• ülkemizde bir süre uygulanıp daha sonra kaldırılan bir oy verme usulüdür.

    özellikle milletvekili seçimlerinde uygulanırdı.her parti, milletvekili adaylarını (merkez yoklaması veya ön seçim ile) tespit eder ve bir liste halinde ilan ederdi.bu adaylar, oy pusulalarına parti adı altında ve partinin bildirdiği sırada yazılırdı.adaylardan birini tercih eden seçmen, adayın ismi karşısındaki kutucuğu işaretler ve o partiden o adayı seçtiğini belirtirdi.en fazla tercih işareti alan aday,(diğer şartlar da gerçekleşmiş ise) milletvekili seçilirdi.tercih yapılmaz ise parti listesine itibar ile 1.sıradaki aday tercih edilmiş sayılırdı.
  • 20 ekim 1991 milletvekili genel seçimleri'nde uygulanmıştı.
    parti seçmenlerinde ayrışmaya yol açam gibi bir sakıncası vardı. hatırlarım; o seçimde bizim köylü bir adayla başka bir ilçeden aday vardı, ve apartmanımızda her ikisinin üçer beşer destekçisi vardı. seçim sürecinde komşuluk ilişkileri bozulmuştu. eski haline de dönmedi pek.
  • rte'nin 1991 yılında refah partisiyle oy alıp da meclise girememesinin sebebidir.
  • internette detaylı bilgiye ulaşamadığım.gerçekten merak ettiğim oy verme sistemi.bu sistem denenirken seçmen olmak isterdim.geri gelse "iyi olur mu?"diye düşünmüyorum değil.
  • seçim bölgesinde partilerin seçilecek aday sayısının iki katı kadar aday göstermesi, seçmenin oy verdiği partinin aday listesinde tercih ettiği isim varsa onada tercih mührünü vurduğu sistemdi.
    herhangi bir isimi tercih etmeye biliyordu.
    yazıldığı gibi 20 ekim 1991 seçimlerinde uygulanmıştır.
    istanbul, ankara , izmir gibi büyük illerde simdikinden farklı olarak az değil, birçok seçim bölgesi mevcuttu.
    tayyip, aday olduğu beyoğlu bölgesinde tercihli sistemle milletvekili seçilememiştir.
    tercihli oy sisteminde, seçim bölgesinde partinin almış olduğu oy oranının en az %15 i kadar tercih oyu aldığınızda listede son sırada olsanız da birinci sıraya geçip, eğer partimiz milletvekili çıkarıyorsa milletvekili oluyordunuz.
    mesela partinin aldığı oyun %14 ü oy aldığınızda liste sıralaması değişmiyordu.
    1991 seçimlerinde, partilerde ön seçimde olduğundan, önseçimde liste sıralamasında arkada kalsanızda seçmene ulaşıp tercihini alıp seçilebiliyordunuz.
    hem partilerde ön seçim olması, hemde tercihli sistemin olması yönüyle seçim tarihinin belki de en demokratik seçimi olmuştur.
  • bu sistemin her partiden bir adayı pusulaya yazabileceğimiz çeşidi getirilse de şu demokrasimizi boğazlayan ve koltuğunu sağlama alıp hemen yağmaya ve göt büyütmeye başlayan partiler dönemi ve "ya abi çok iyi diyolar da kimse vermez, oyumuz çöpe gitmesin siktir et yea" tarzı mantık sona erse.

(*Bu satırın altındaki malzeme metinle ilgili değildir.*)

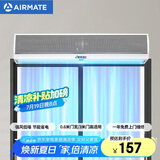 艾美特（Airmate ）AFM3006-04风幕机 自然风商用贯流式0.6米风帘机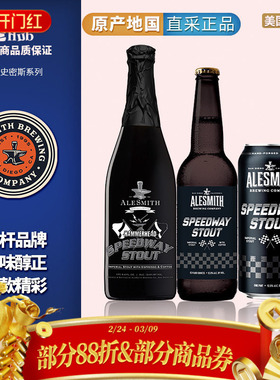 高分美国原装进口艾尔史密斯赛道世涛精酿啤酒Ale smith Speedway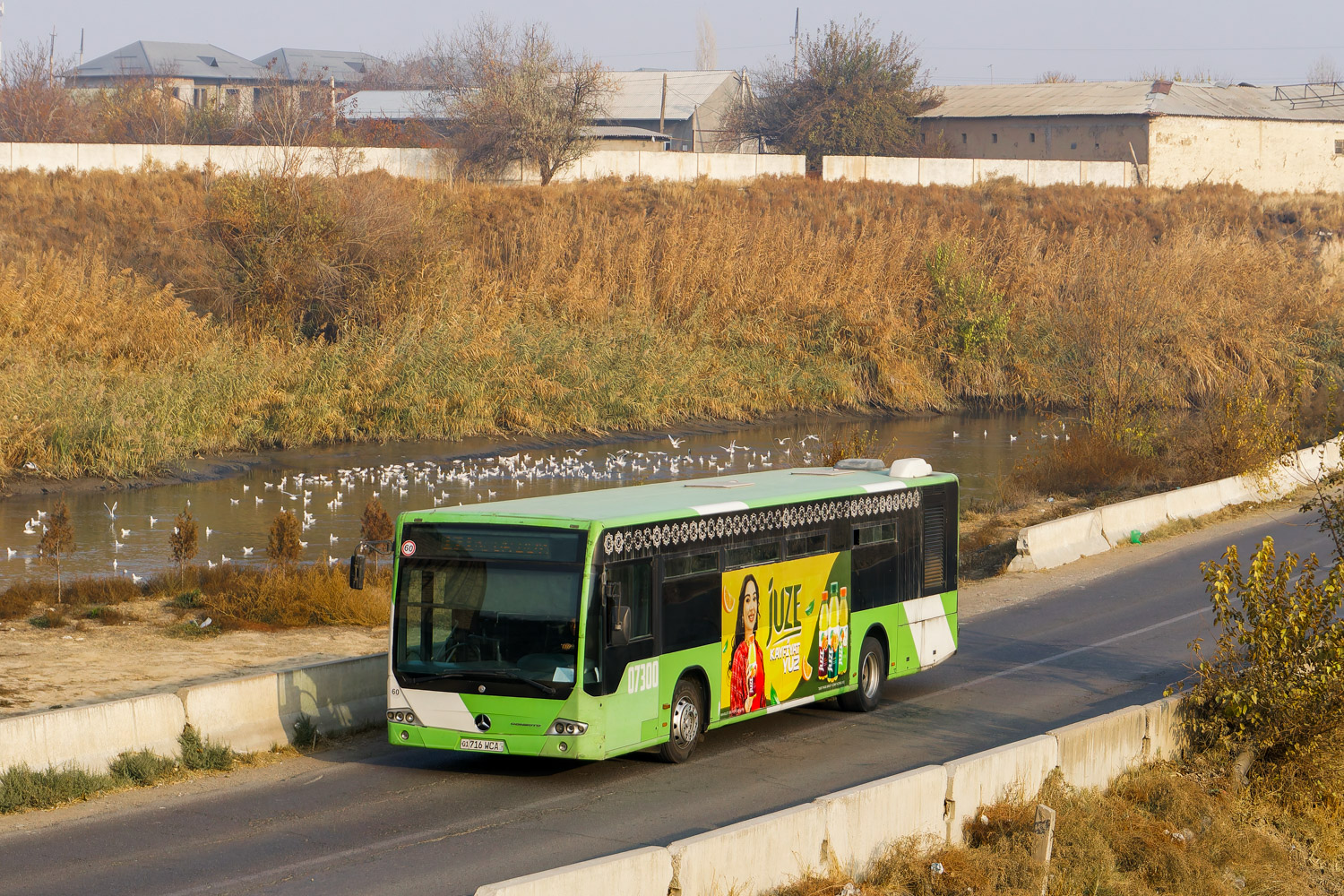 Узбекистан, Mercedes-Benz Conecto II № 07300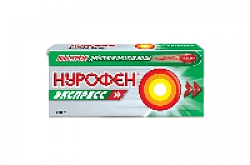 НУРОФЕН ЭКСПРЕСС капсулы 200мг N8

    mesela şu an erdoğan'dan memnun olmayan sağcı ya da chp'yi sevmeyen solcu, gönlünde olan asıl partilere baraj altında kalacakları için adam akıllı temsil edilememe korkusuyla oy vermeyecek ve yine ampüle ya da oklara basacak oyunu, lakin bu sistem gelirse oy verdiği parti baraj altında kalsa bile ikinci tercihine gidecek oyu; yani hem temsil oranı artacak, hem de üzerinde durdukları taban sallanmaya başlayan siyasi partiler sürekli yenilikçi kalmak zorunda olacaklar.

    rekabet iyidir arkadaşlar, rekabet olmayan yerde tekel vardır ve tekeller hem tüketici memnuniyeti hem de yenilikçi kalma açısından tam bir bokluktur.
  • 2023 seçimlerinde bu sistemin kullanılamıyor olması çok üzücü.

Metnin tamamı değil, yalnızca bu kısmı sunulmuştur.